> Supplied data:

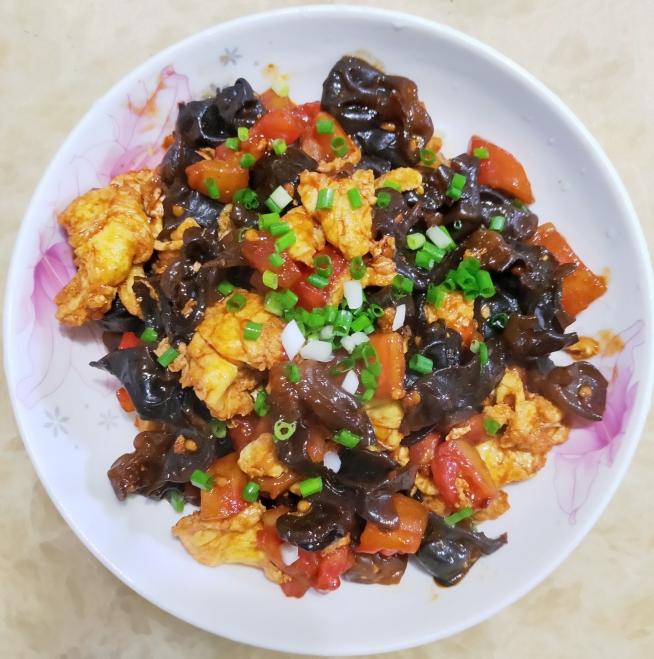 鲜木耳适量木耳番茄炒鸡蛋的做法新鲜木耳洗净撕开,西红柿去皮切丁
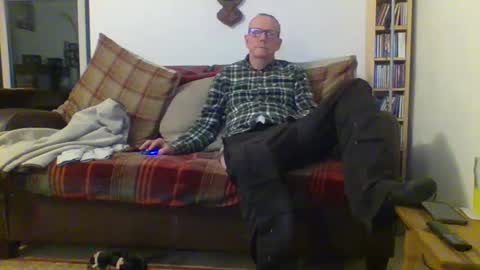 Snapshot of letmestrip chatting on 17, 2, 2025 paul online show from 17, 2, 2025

---

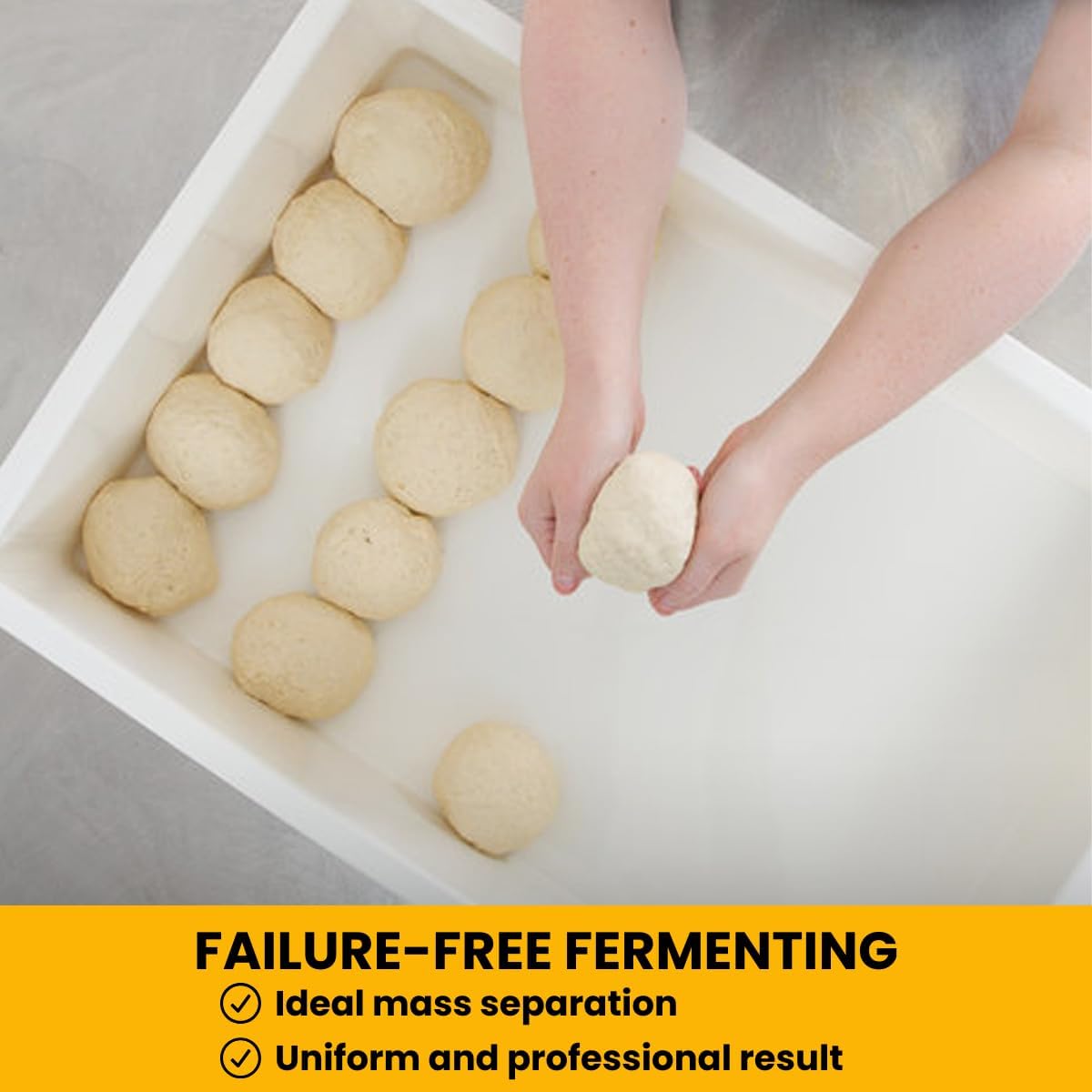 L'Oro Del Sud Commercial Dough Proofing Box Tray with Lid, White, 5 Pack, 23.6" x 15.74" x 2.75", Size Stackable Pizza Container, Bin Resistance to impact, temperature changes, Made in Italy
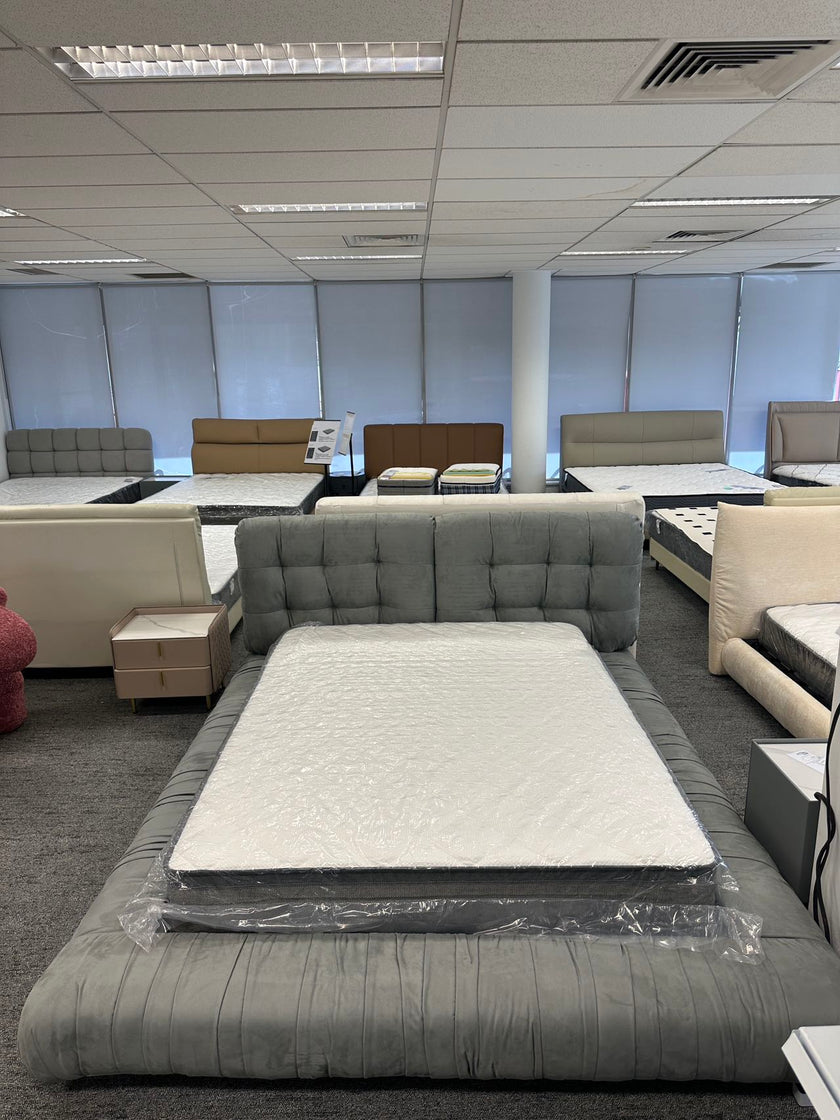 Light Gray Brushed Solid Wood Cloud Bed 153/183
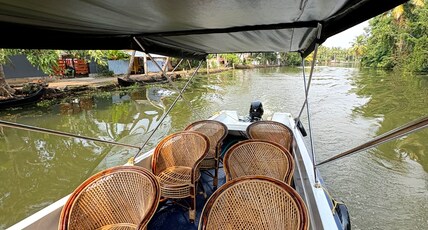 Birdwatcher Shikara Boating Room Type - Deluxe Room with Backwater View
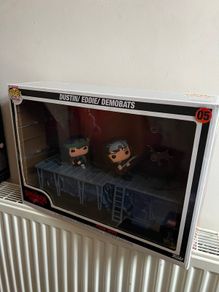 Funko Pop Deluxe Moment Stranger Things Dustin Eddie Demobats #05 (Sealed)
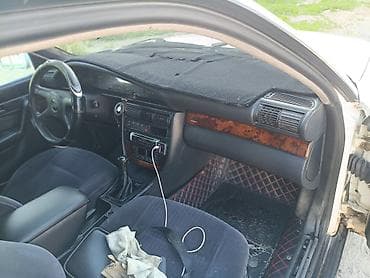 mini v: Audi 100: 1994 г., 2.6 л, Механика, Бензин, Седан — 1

* * *

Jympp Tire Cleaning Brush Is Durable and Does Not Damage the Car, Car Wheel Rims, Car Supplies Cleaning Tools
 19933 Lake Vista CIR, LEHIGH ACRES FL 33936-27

> Activity: Find the line with "L'Oro Del Sud" in the entries above. Set down exactly every line from it up to and including the line with "mini v: Audi", images excluded.

> Answer section:
 L'Oro Del Sud Commercial Dough Proofing Box Tray with Lid, White, 5 Pack, 23.6" x 15.74" x 2.75", Size Stackable Pizza Container, Bin Resistance to impact, temperature changes, Made in Italy
 Light Gray Brushed Solid Wood Cloud Bed 153/183
 Birdwatcher Shikara Boating Room Type - Deluxe Room with Backwater View
 Funko Pop Deluxe Moment Stranger Things Dustin Eddie Demobats #05 (Sealed)
 mini v: Audi 100: 1994 г., 2.6 л, Механика, Бензин, Седан — 1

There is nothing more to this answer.